■ Exercise description
This exercise calls for the line with "Cravate classique noire à rayures blanches", the line with "Polo Ralph Lauren", and all lines between them in the material below, output exactly and with no other lines.

■ Supplied information

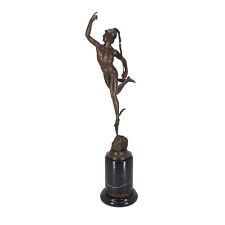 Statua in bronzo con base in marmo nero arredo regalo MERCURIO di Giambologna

...

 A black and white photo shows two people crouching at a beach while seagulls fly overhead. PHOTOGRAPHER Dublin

* * *

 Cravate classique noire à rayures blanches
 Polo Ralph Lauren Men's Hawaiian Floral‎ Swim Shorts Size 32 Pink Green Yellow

■ Solved problem
 Cravate classique noire à rayures blanches
 Polo Ralph Lauren Men's Hawaiian Floral‎ Swim Shorts Size 32 Pink Green Yellow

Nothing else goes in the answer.